Musique concrète, whose roots are in the early 20th century, can be defined as "electronic music produced from editing together fragments of natural and industrial sounds." Recently a small handful of musicians have reconciled its heretofore-academic treatments with the accessibility of popular musical styles. Of these, the San Francisco duo Matmos (Drew Daniel and M. C. Schmidt) and the British Matthew Herbert infuse the genre with timely programmatic references, as their excellent new albums, The Rose Has Teeth in the Mouth of a Beast (Matador) and Scale (!K7), prove.

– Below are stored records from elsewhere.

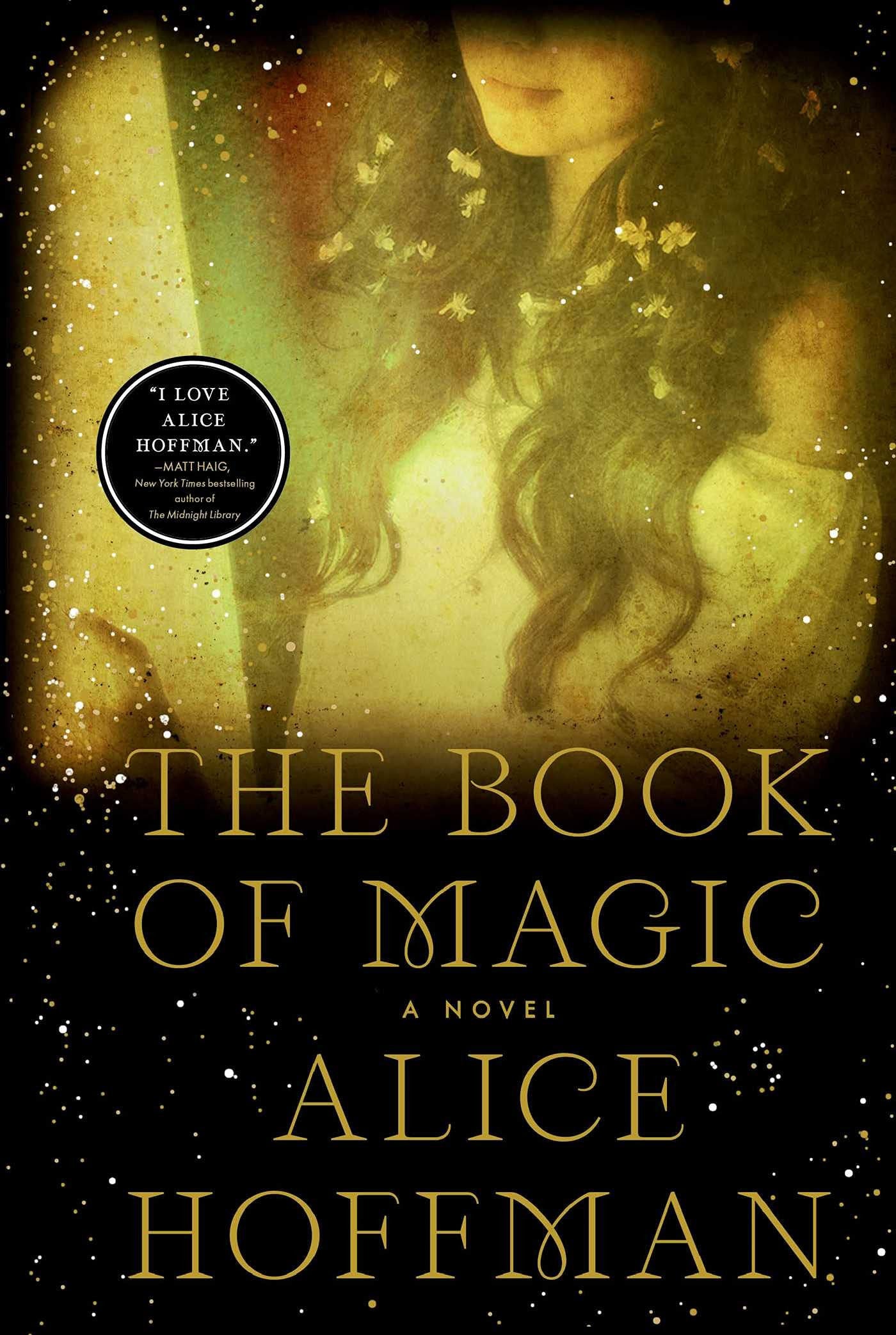 The Book of Magic (Practical Magic 2) A Novel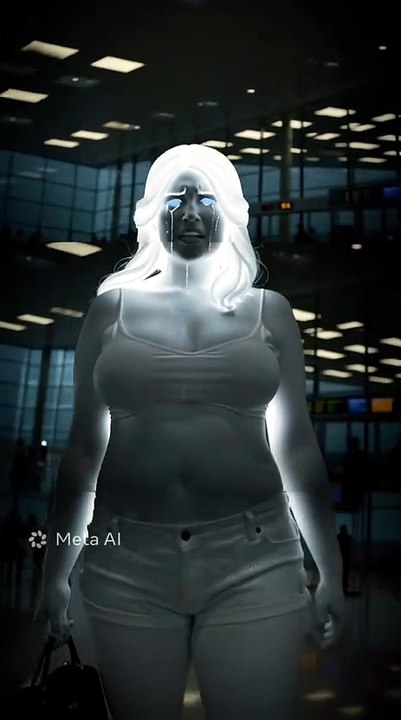 Best woman edits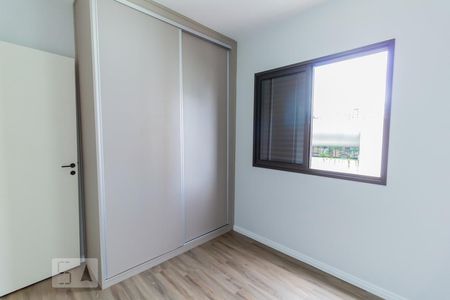 Apartamento à venda com 53m², 2 quartos e 1 vagaQuarto 2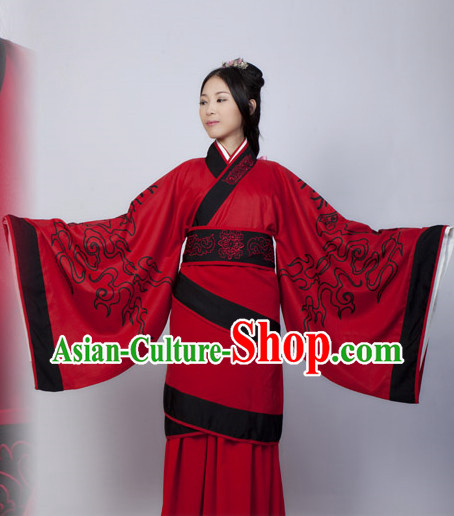 Chinese Halloween Costume Costumes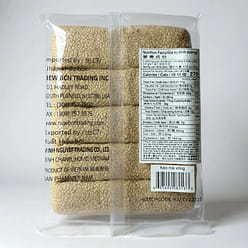 Asian Boy Sesame Seed Cookies Keo Me Xung 250 g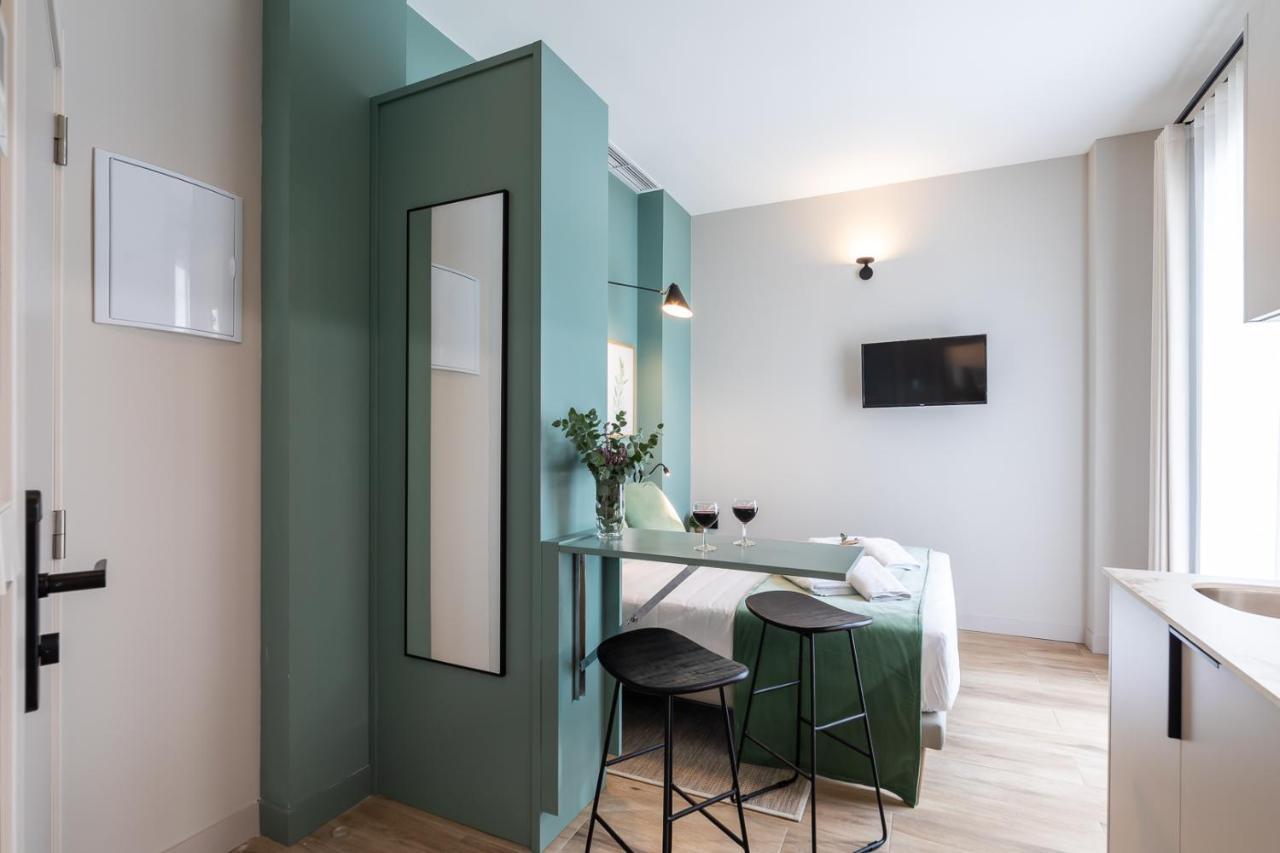 Moontels Mercado De Ruzafa Βαλένθια Εξωτερικό φωτογραφία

Having read the biographies of a number of musical, political, artistic, and literary figures they admire, Matmos set out to compose a series of musical portraits of them. Certain of the tracks attempt a biographical distillation from the subjects' lives, while others pluck out single elements of their work or diversions and protract them over the length of a song. Matmos explore their protagonists with attention and finesse while creating wholly new looks at them, with one foot in a time past and another in today's era, when the vapid is elevated to celebrity and where technology trumps all.
In "Snails and Lasers for Patricia Highsmith," Matmos use a banal fact from the mystery writer's life—her love of snails—and allow it to write the music. Pointing lasers at a light-sensitive theremin, they watched as several snails crawled across the lasers' paths, changing the theremin's pitch with their bodies and antennae. Vocal and speech cameos (Björk, Maja Ratke, Laetitia Sonami) add both human and fantastic qualities, most notably in "Semen Song for James Bidgood," which does feature the sound of semen. But musically it sighs with violin glissandi and aching dissonance. This is not the seedy repression of adult-age proclivities, but the opalescent sensuality of youth filtered through gossamer and voyeurism (like in pornographer Bidgood's Pink Narcissus), here guided by the ephebophilic whispers of vocalist Antony Hegarty.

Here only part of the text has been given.